Ob Hund, Pferd oder Mensch: Das Gesicht der Säugetiere unterscheidet sich von dem aller anderen Tiere auf der Erde. Denn wir alle besitzen eine vorstehende und teils bewegliche Nase – und diese Säuger-Schnauze ist eine einzigartige Neuerfindung der Evolution, wie Forscher anhand detaillierter Vergleiche herausgefunden haben. Demnach wechselten zwei Knochen im Kiefer bei unseren frühen Vorfahren ihren Platz und ihre Funktion und erschufen so die typische Säuger-Schnauze.
Auf den ersten Blick mag es kaum auffallen, aber die Gesichtspartie der Säugetiere unterscheidet sich in einem entscheidenden Details von dem der Reptilien, Vögel und anderen Landwirbeltieren: Bei all diesen Tiergruppen bildet der Oberkiefer die Spitze der Schnauze. Die Nase folgt leicht dahinter und besteht meist aus weniger mehr als paarigen Löchern.

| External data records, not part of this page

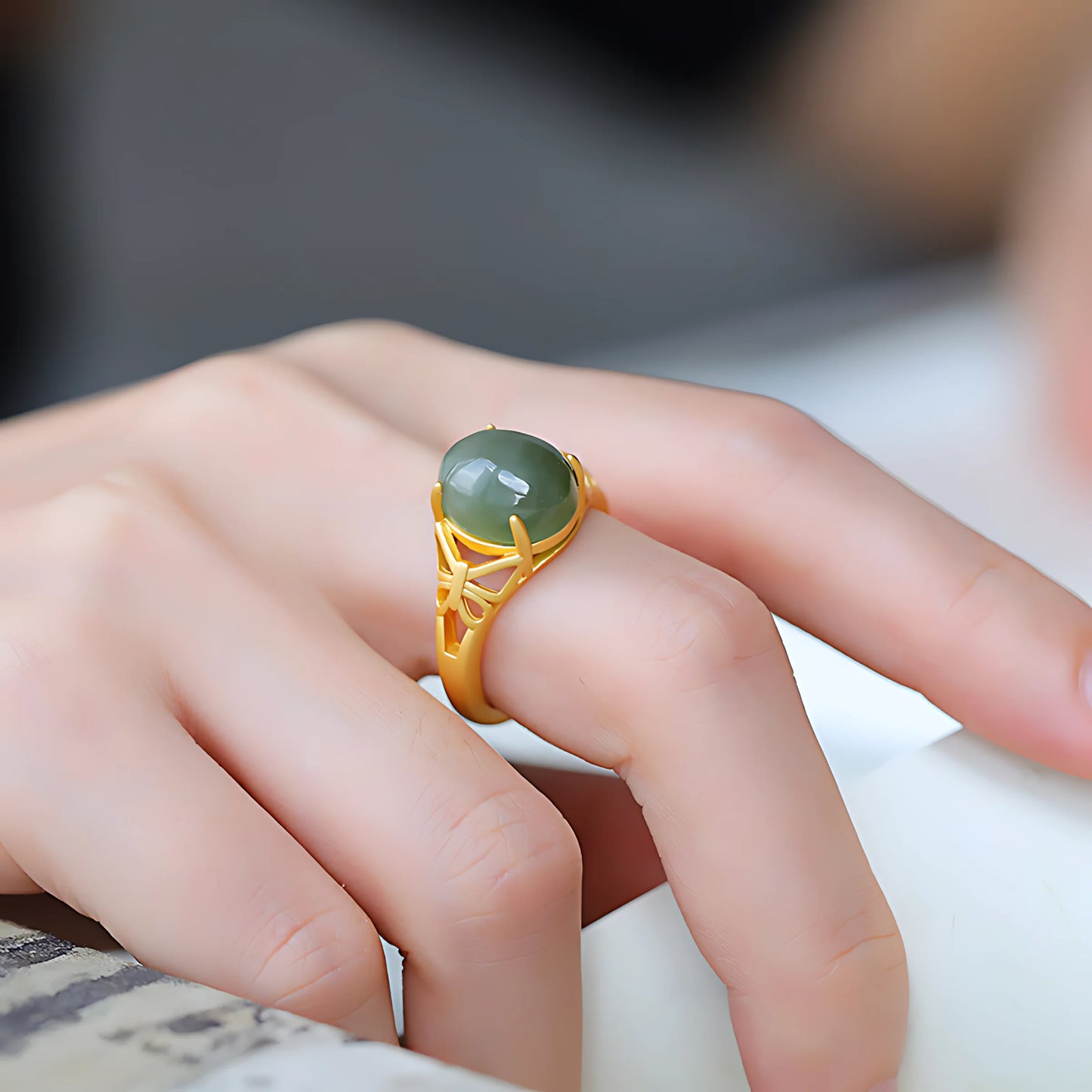 PANJBJ 925 Sterling Silver Hotan Jade Geometric Ring for Women Girl Adjustable Retro Delicate Jewelry Birthday Gift Dropshipping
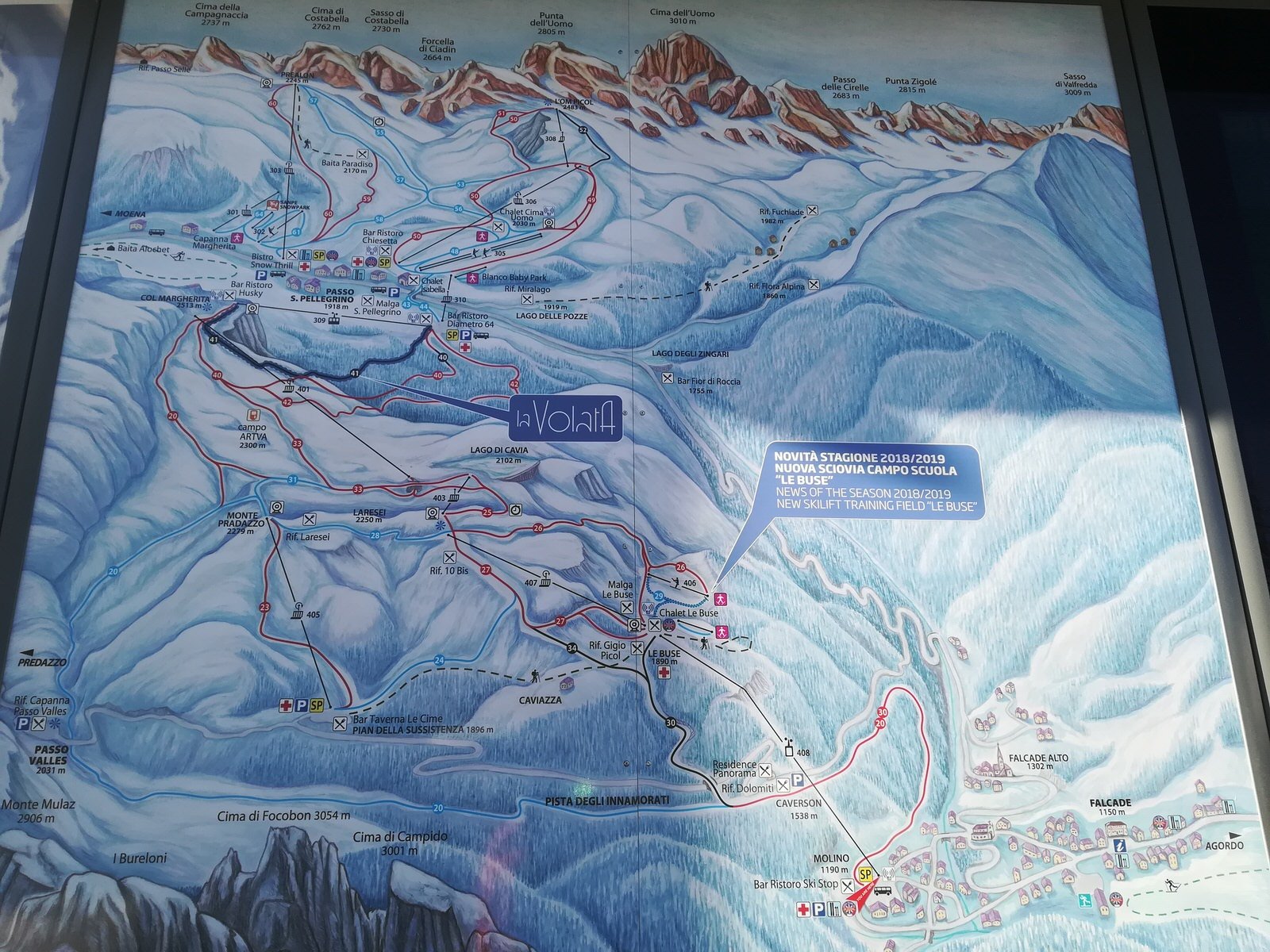 Mapa sjezdovek směrem do Falcade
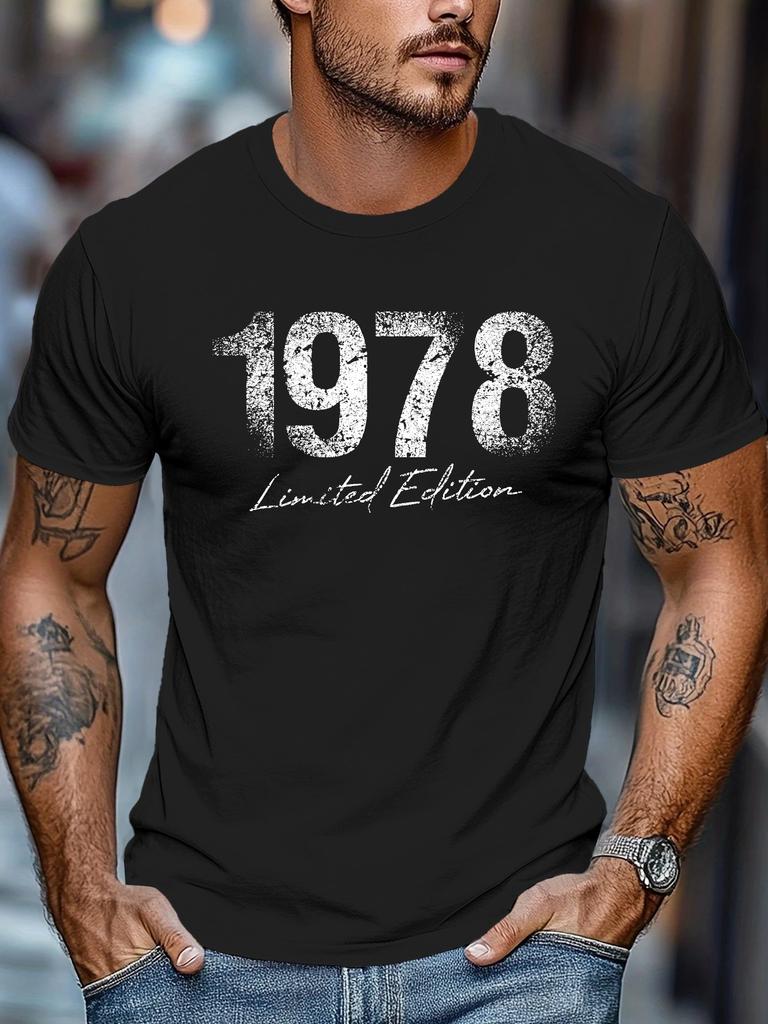 Unisex Sommer 100% Baumwolle Mode Limitierte Auflage 1978 Retro Bedrucktes Lässiges Lockeres Rundhals Kurzarm T-Shirt Vielseitiges Oberteil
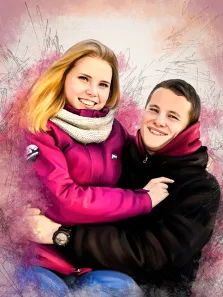 Парный портрет в стиле Гранж, девушка блондинка в розовой куртке и молодой человек в чёрной куртке на абстрактного фона, художник Павел 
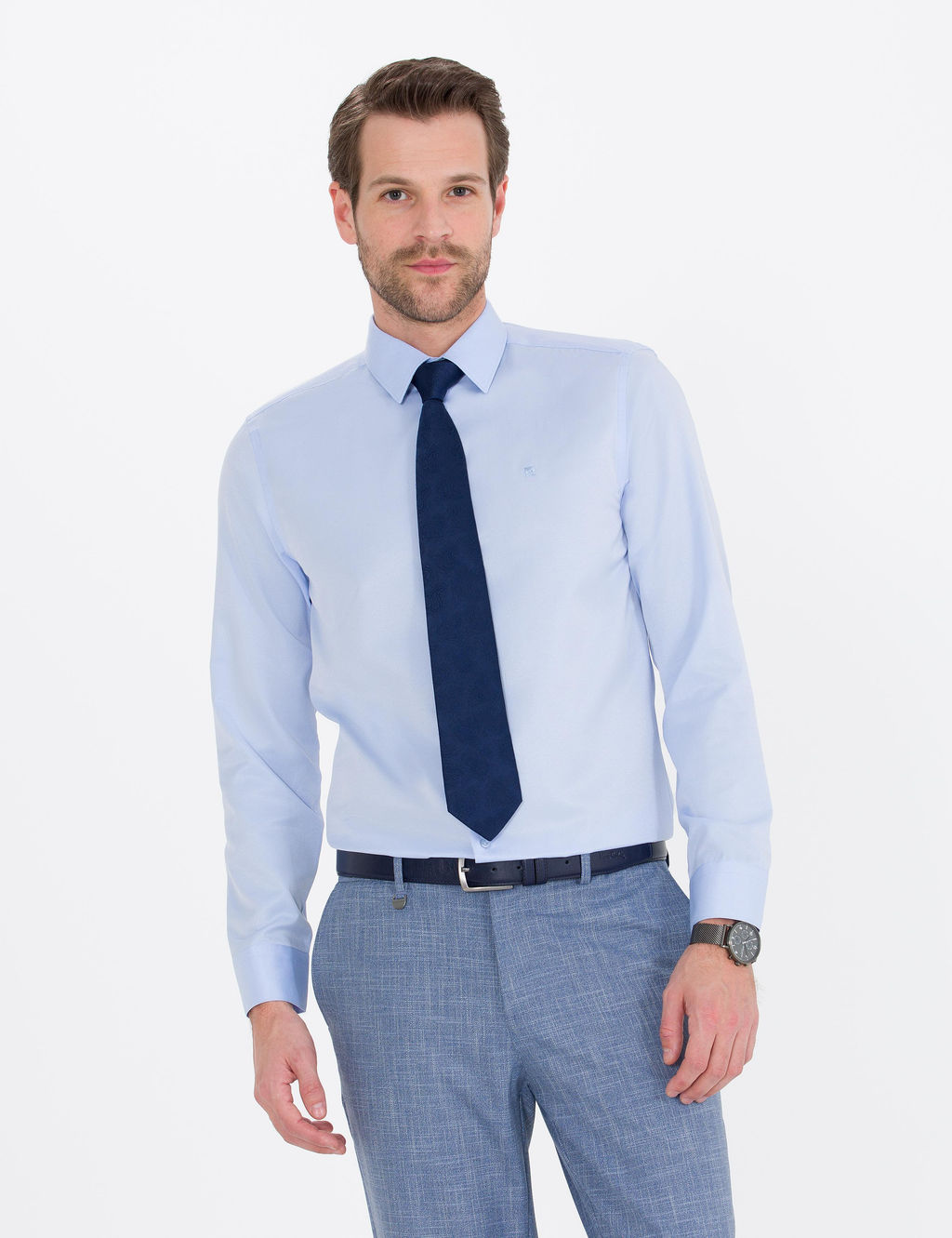 A__k Mavi Slim Fit Uzun Kollu Klasik G_mlek
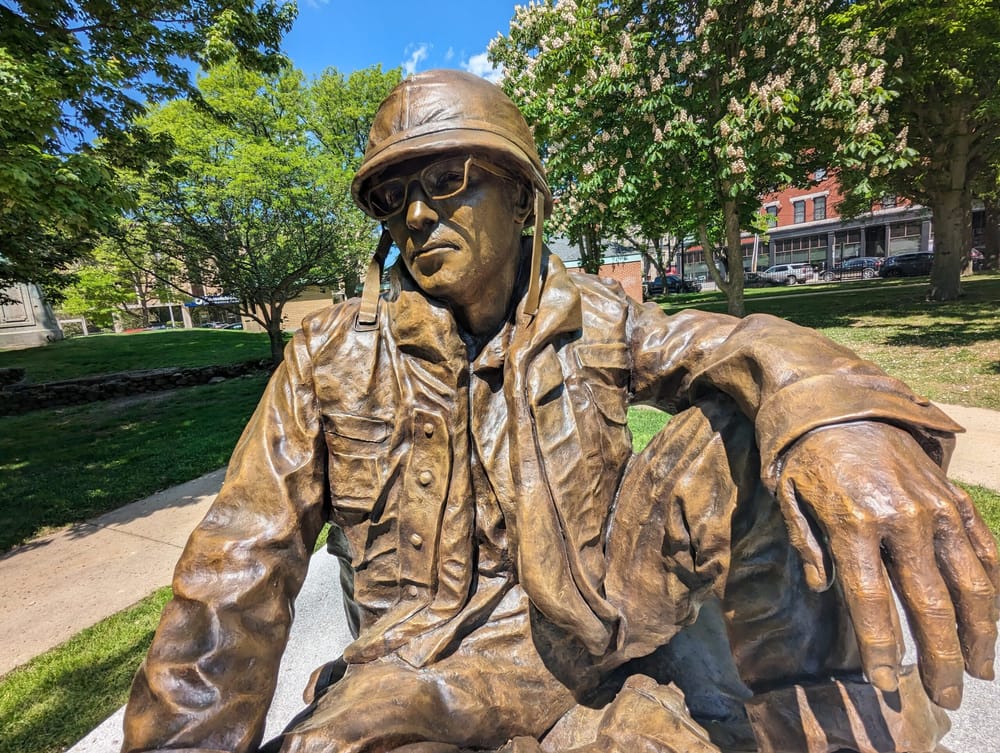 Statue honoring war photographers dedicated on Memorial Day Weekend at Veterans Park post image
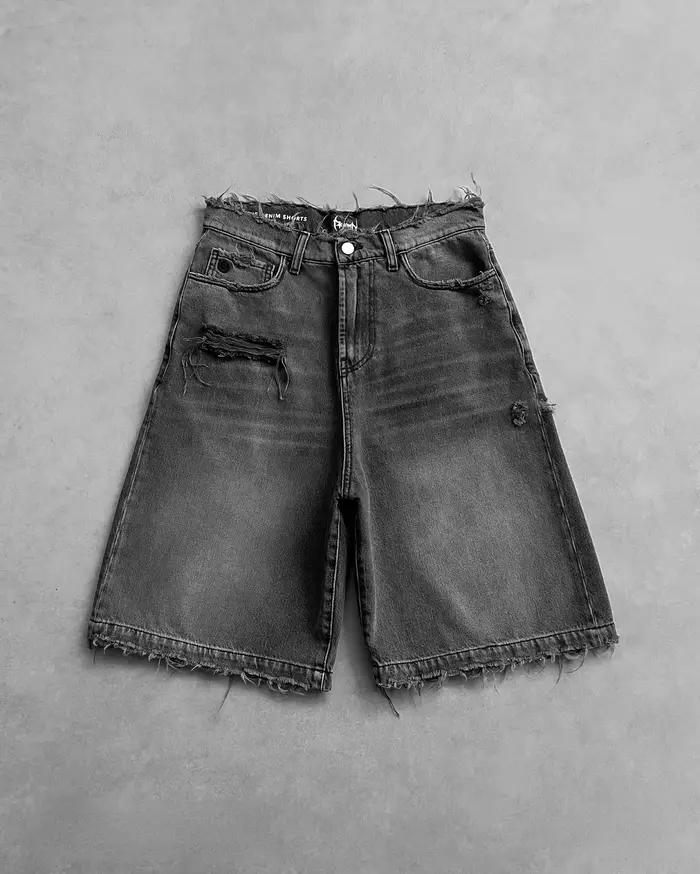 Shorts en jean noir délavé, style streetwear hip-hop, déchirés, pour l'été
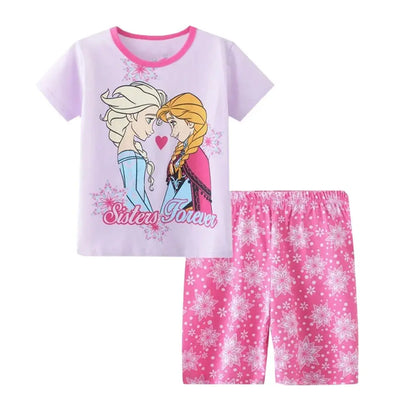 Casual Frozen Snow Queen Children's Summer Short Sleeve Pajamas Cartoon Suit Girls Cotton Kids Pajamas Dress Costumes Trikidsworld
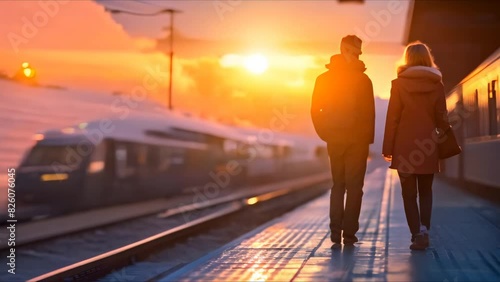 Emotional goodbye at train station captures enduring power of love and memories. Concept Memories, Love, Goodbye, Train Station, Emotional Goodbye photo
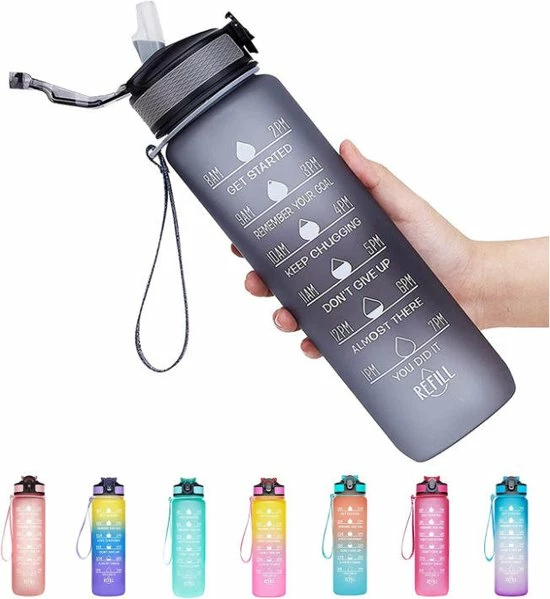Lopoleis Drinkfles - Waterfles 1 Liter - Motivatie Waterfles Met Tijdsmarkering - Water Bottle - BPA Vrij 3 Lopoleis Drinkfles - Waterfles 1 Liter - Motivatie Waterfles Met Tijdsmarkering - Water Bottle - BPA Vrij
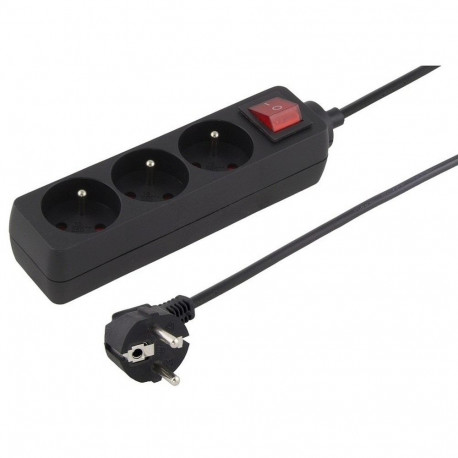 PremiumCord Power Strip 230V 2m 3 outlets, power switch, black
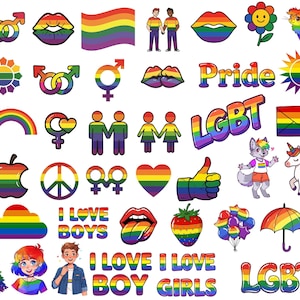 May include: A collection of colorful stickers featuring rainbow designs, peace signs, hearts, stars, and other symbols. The stickers also include text such as "Pride", "LGBT", "I Love Boys", "I Love Girls", and "LGBT".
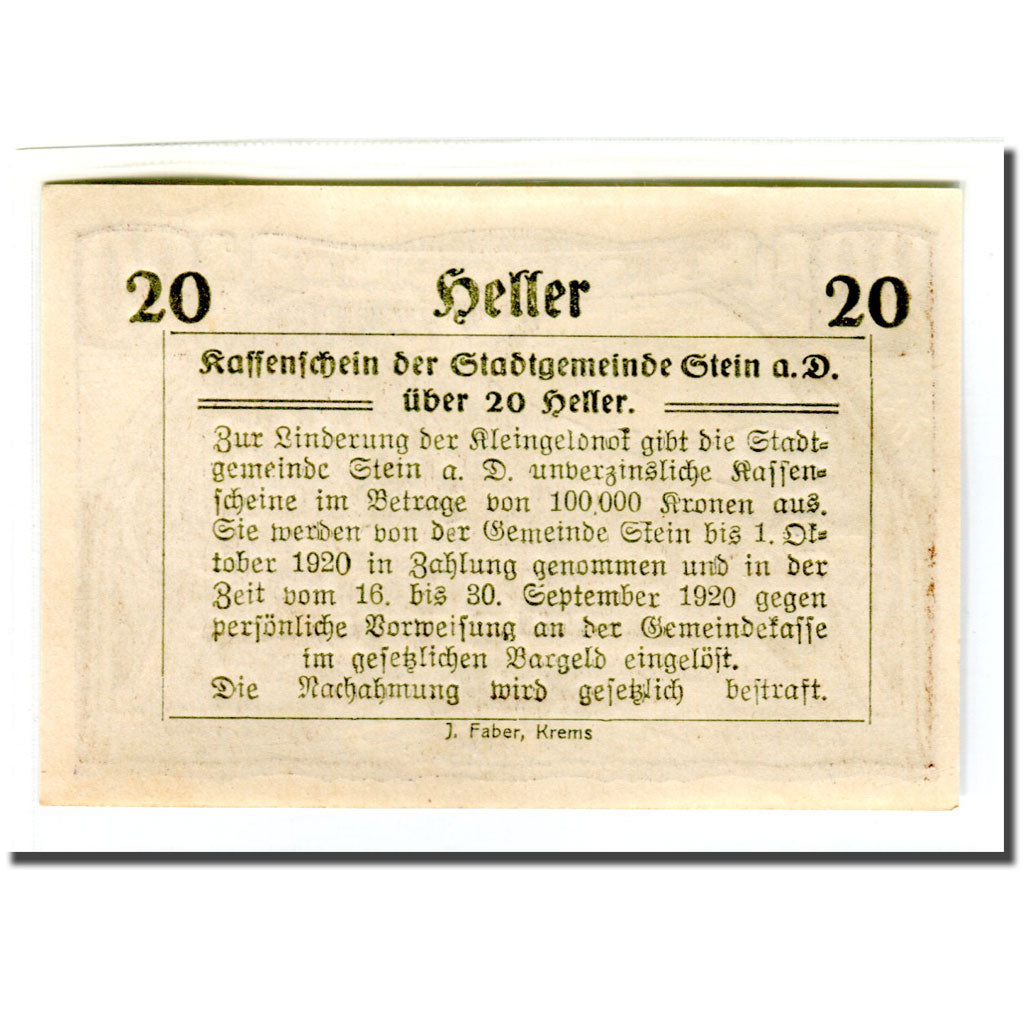 Biljet, Oostenrijk, Stein an der Donau, 20 Heller, texte 1, 1920, 1920-04-09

Bewegliche Nase statt starrer Kieferspitze
Anders bei uns Säugetieren: Die Nase ist bei den meisten Säugern prominent ausgebildet, kann schnüffeln, zucken und andere Bewegungen ausführen und ragt oft über den Kiefer hinaus. Erst diese bewegliche Nase ermöglichte es unseren Säugetier-Vorfahren wahrscheinlich, ihren Geruchs- und Tastsinn erheblich zu verbessern und so ganz neue Lebensweisen und ökologische Strategien zu entwickeln. Doch wie die typische Säuger-Schnauze samt Nase im Verlauf der Evolution zustande kam und welchen anatomischen Ursprung sie hat, blieb bisher weitgehend ungeklärt.
„Bisher sah die Wissenschaft die Entwicklung der Gesichter von Reptilien und Säugetieren als relativ vergleichbar an“, erklärt Koautor Ingmar Werneburg von der Universität Tübingen. Dazu trug bei, dass die Schnauzenspitze bei beiden Tiergruppen vom Zwischenkieferknochen (Prämaxillare) gebildet wird – und damit einer auf den ersten Blick homologen Knochenstruktur. Stutzig machte die Anatomen allerdings schon länger, dass die Säuger-Schnauze von anderen Ästen der Gesichts- und Kiefernerven versorgt wird als bei Reptilien.